"Have you any notion how many books are written about women in the course of one year? Have you any notion how many are written by men? Are you aware that you are, perhaps, the most discussed animal in the universe?"
Virginia Woolf (1882-1941) is a British author who made an original contribution to the form of the novel - also distinguished feminist essayist, critic in The Times Literary Supplement, and a central figure of Bloomsbury group.
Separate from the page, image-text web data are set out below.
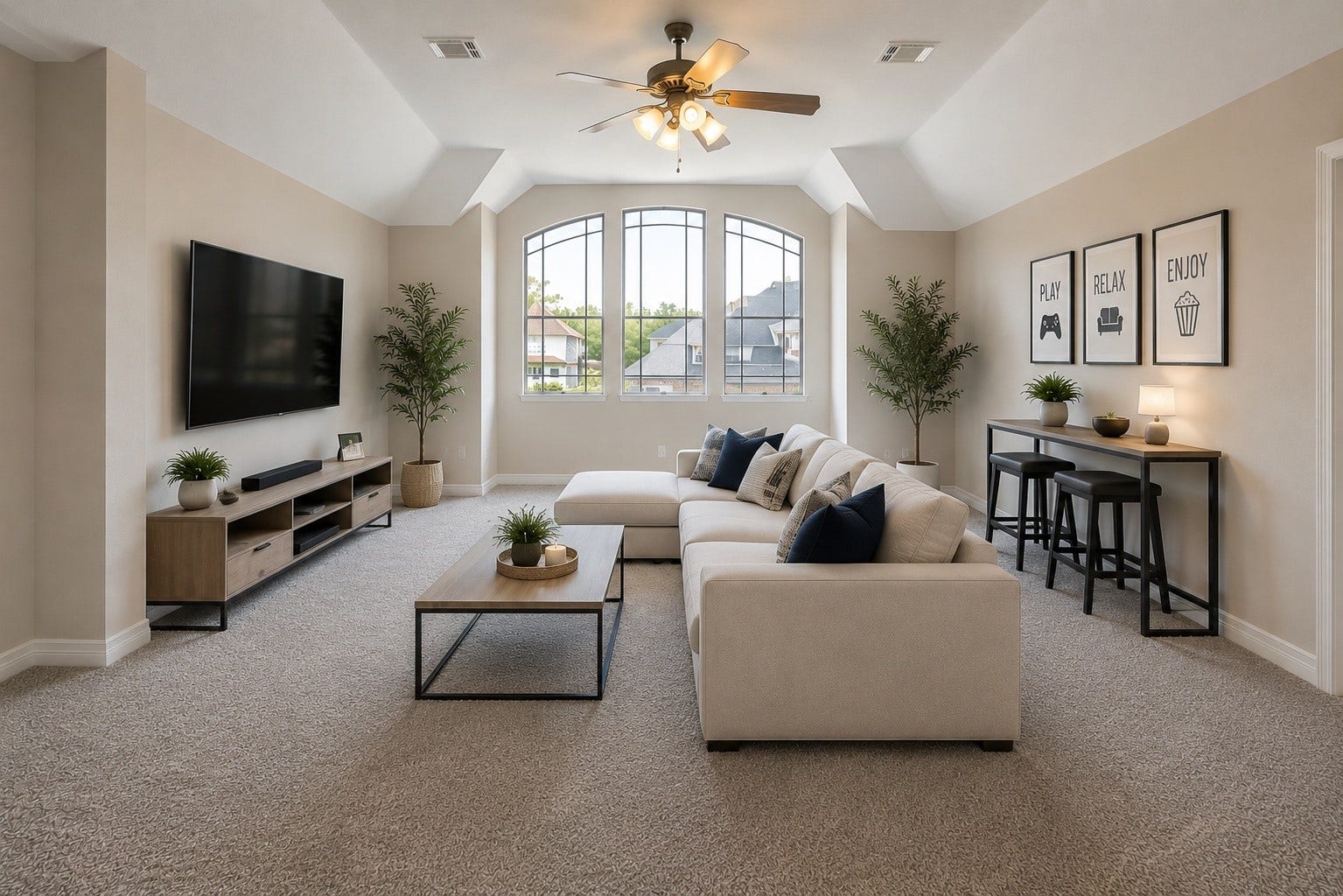 18614 Thomas Survey Drive, Cypress, TX 77433 Inviting upstairs game room with a hidden storage closet, offering both style and practicality.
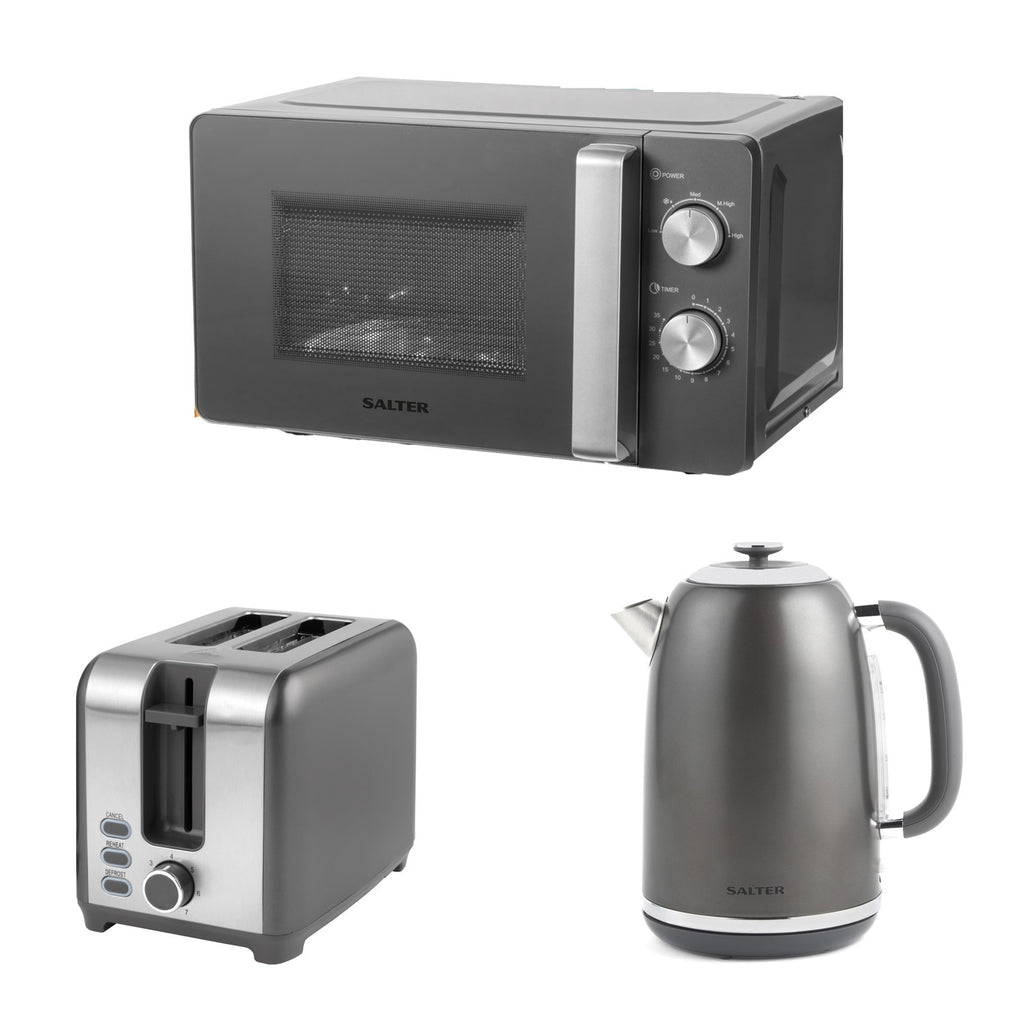 Salter Cosmos Kettle Toaster Microwave Set Kitchen Countertop Fast Boil 2-Slice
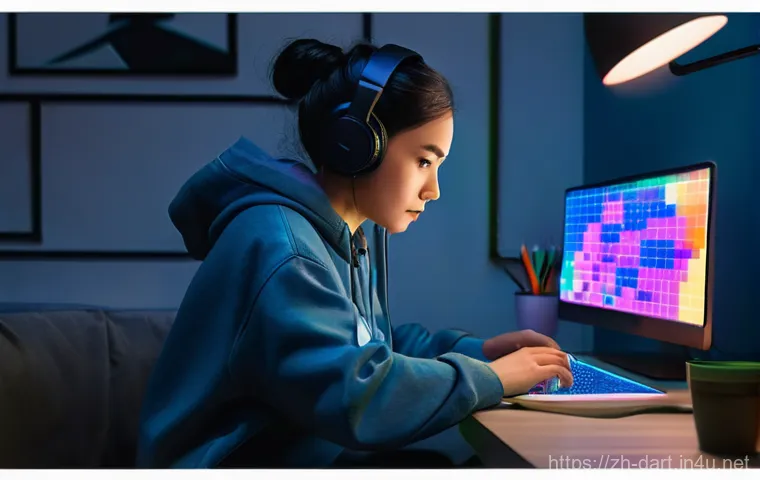 픽셀아트 도트 크기 설정 방법 - **Prompt:** A young woman, an experienced pixel artist, sits intently at her computer desk, illumina...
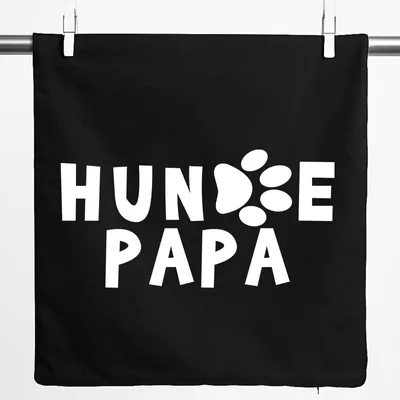Produktbild von Huuraa Kissenbezug Hundepapa Tapse 40x40cm Black Baumwolle Dekokissenbezug Geschenkidee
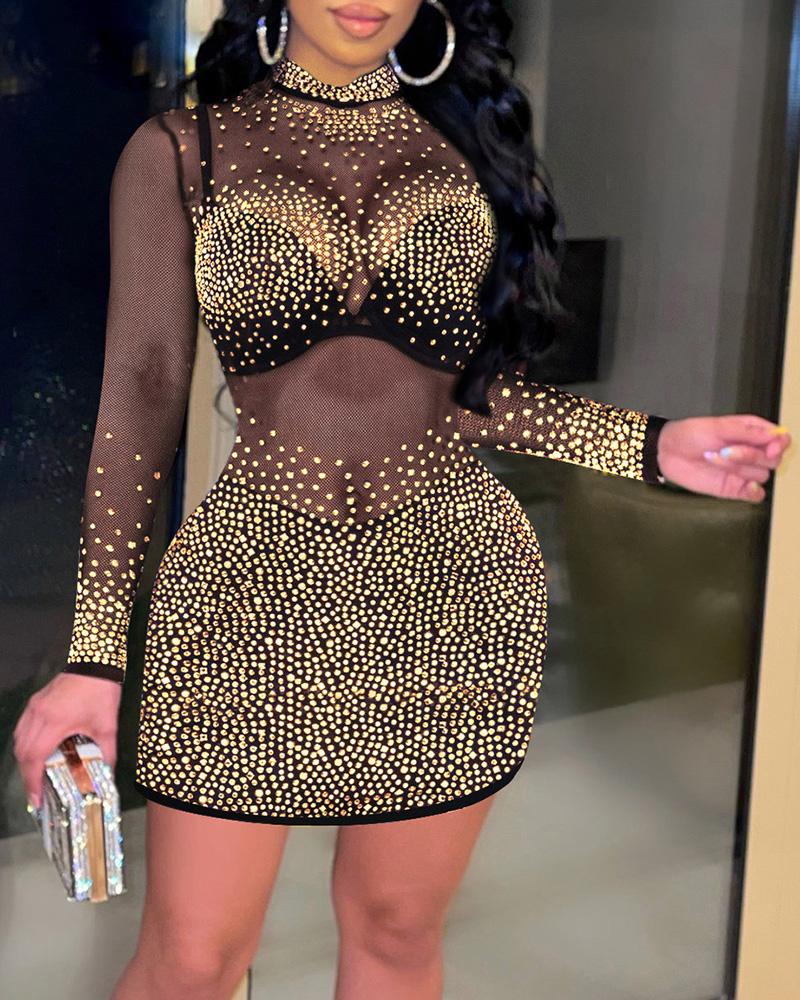

Long Sleeve Rhinestone Sheer Mesh Bodycon Dress, Gold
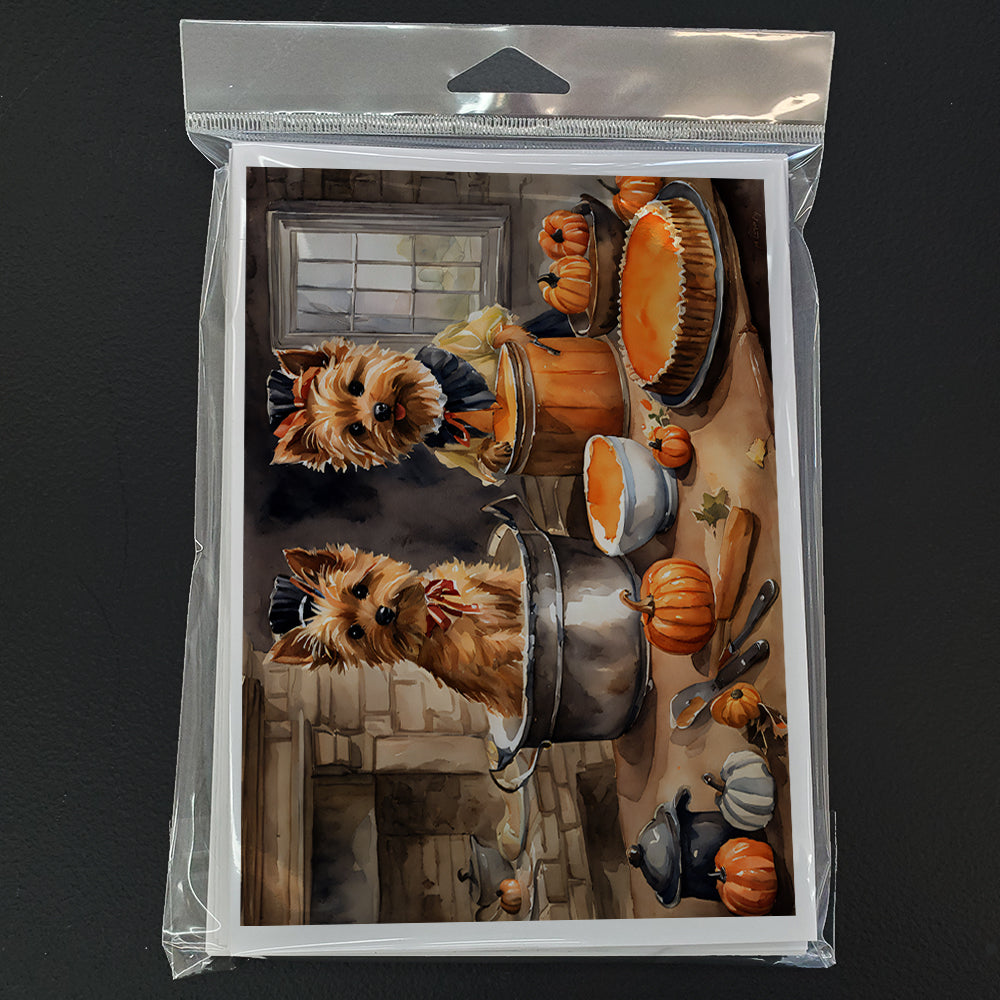 Norwich Terrier Fall Kitchen Pumpkins Greeting Cards and Envelopes Pack of 8
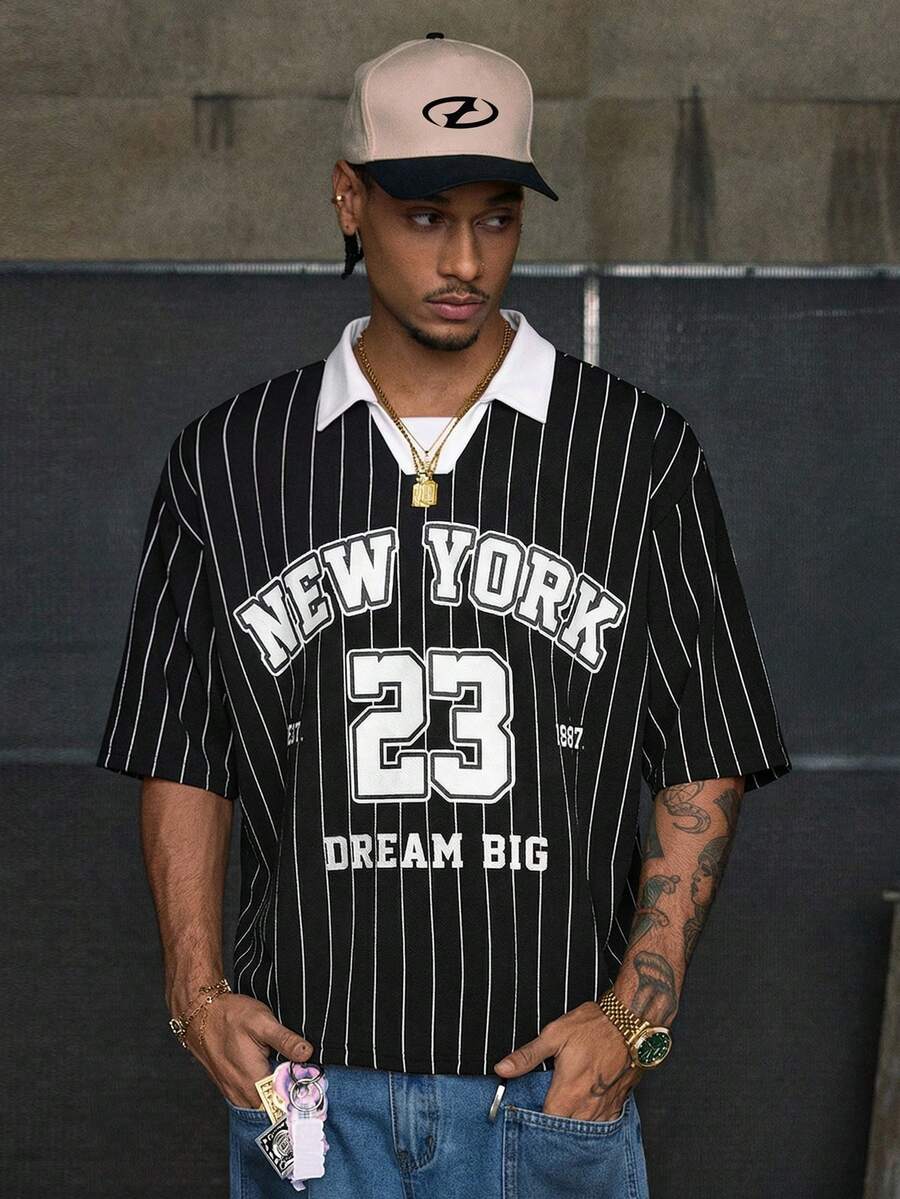 AXEPEAK 男士休闲时尚街头风 Polo 衫 - 黑色 - 查看 1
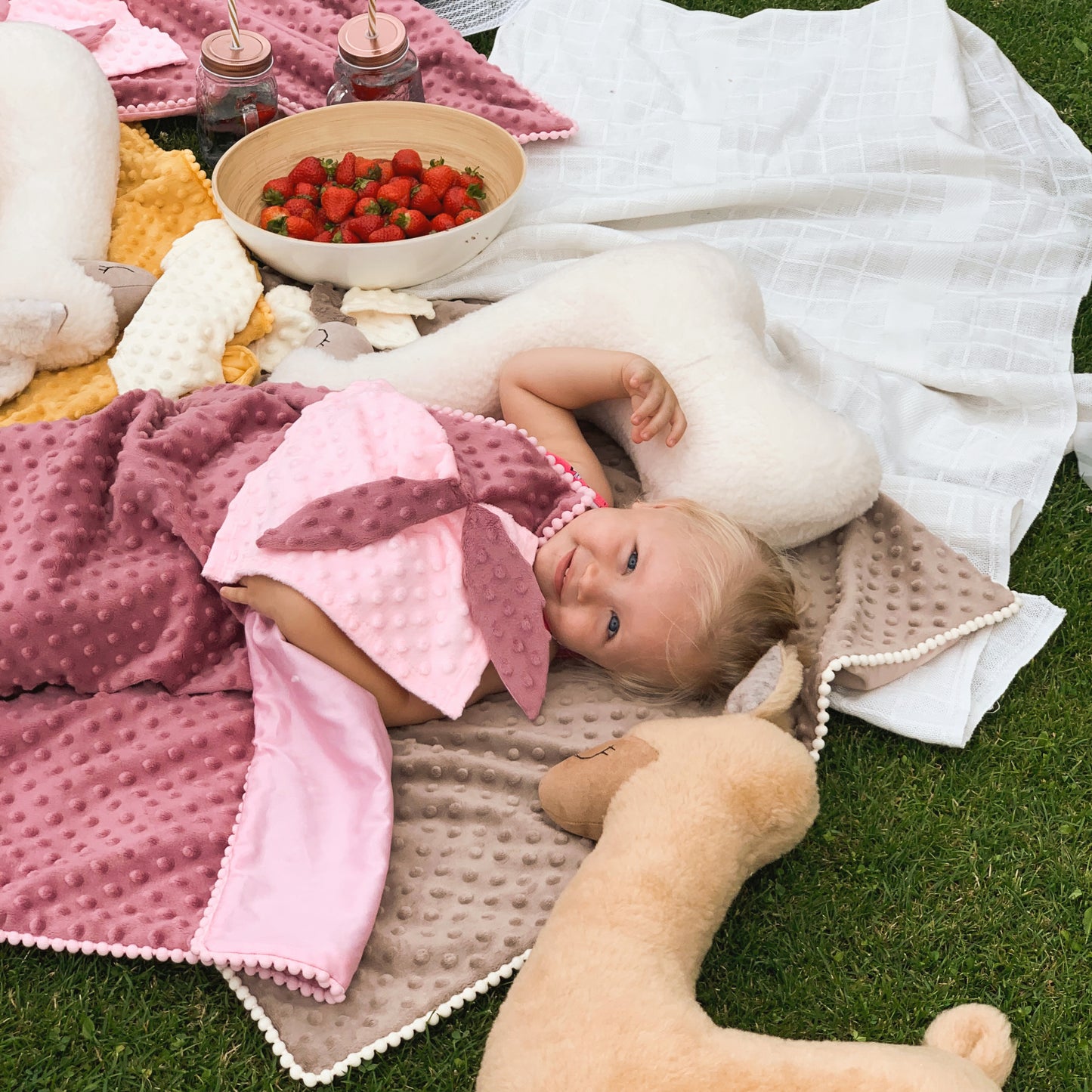 2in1 Blanket with sewn-up Baby Comforter, dusty rose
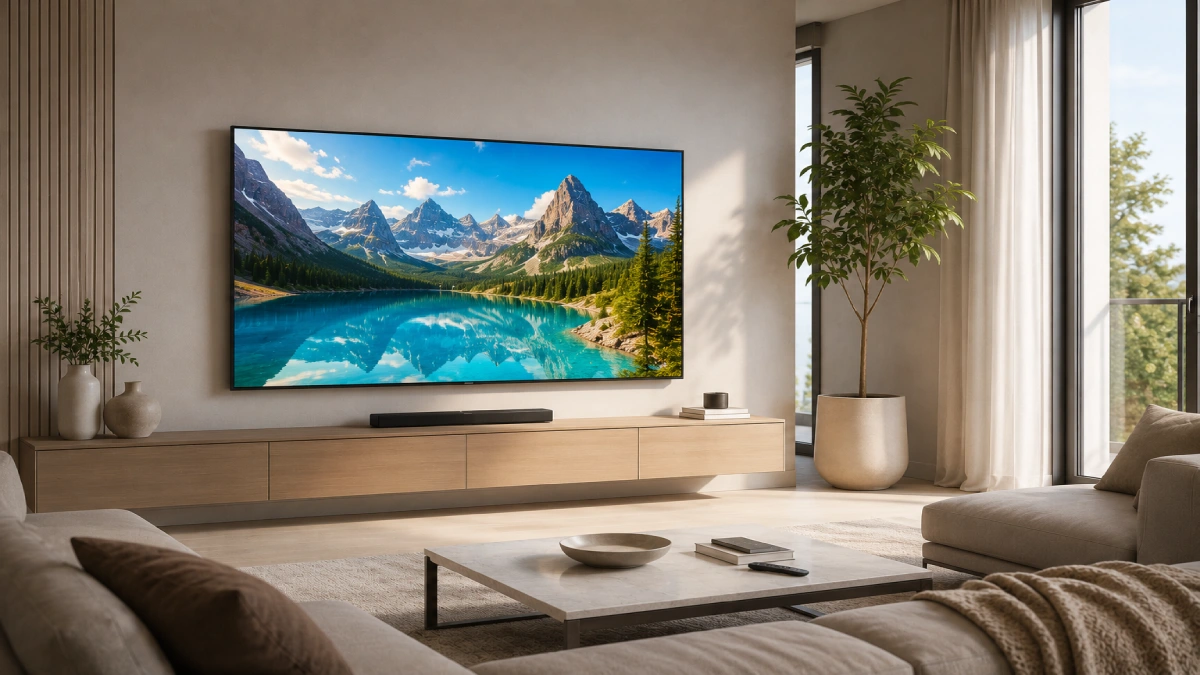 Televizor de 55 inch montat pe perete într-un living modern luminos, cu peisaj montan pe ecran și soundbar dedesubt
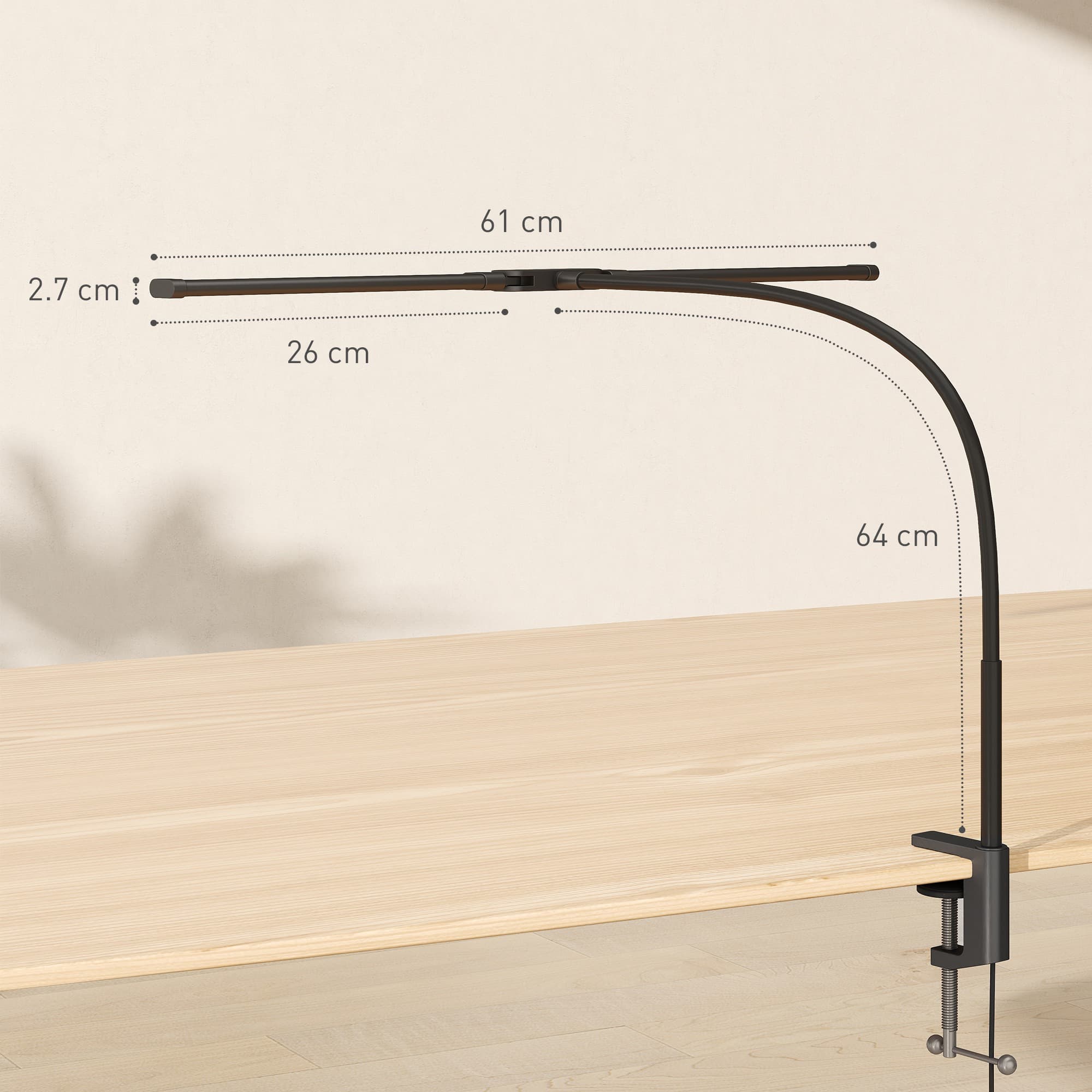 Black Clamp Desk Lamp with Dual LED Heads - image 10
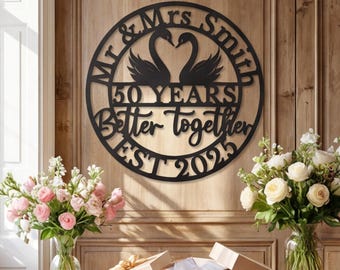 Personalized Swan Silhouette Decor, Custom Anniversary Name & Date Plaque, Romantic Wedding Art, Keepsake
Virginia Woolf's concern with feminist thematics are dominant in "A room of one's own" (1929). In it she made her famous statement: "A woman must have money and a room of her own if she is to write fiction." The book originated from two expanded and revised lectures the author presented at Cambridge University's Newnham and Girton Colleges in October 1928. Woolf examined the obstacles and prejudices that have hindered women writers. She separated women as objects of representation and women as authors of representation, and argued that a change in the forms of literature was necessary because most literature had been "made by men out of their own needs for their own uses." In the last chapter Woolf touched the possibility of an androgynous mind. Woolf refers to Coleridge who said that a great mind is androgynous and states that when this fusion takes place the mind is fully fertilized and uses all its faculties. "Perhaps a mind that is purely masculine cannot create, any more than a mind that is purely feminine..." 'Three guineas' (1938) urged women to make a claim for their own history and literature.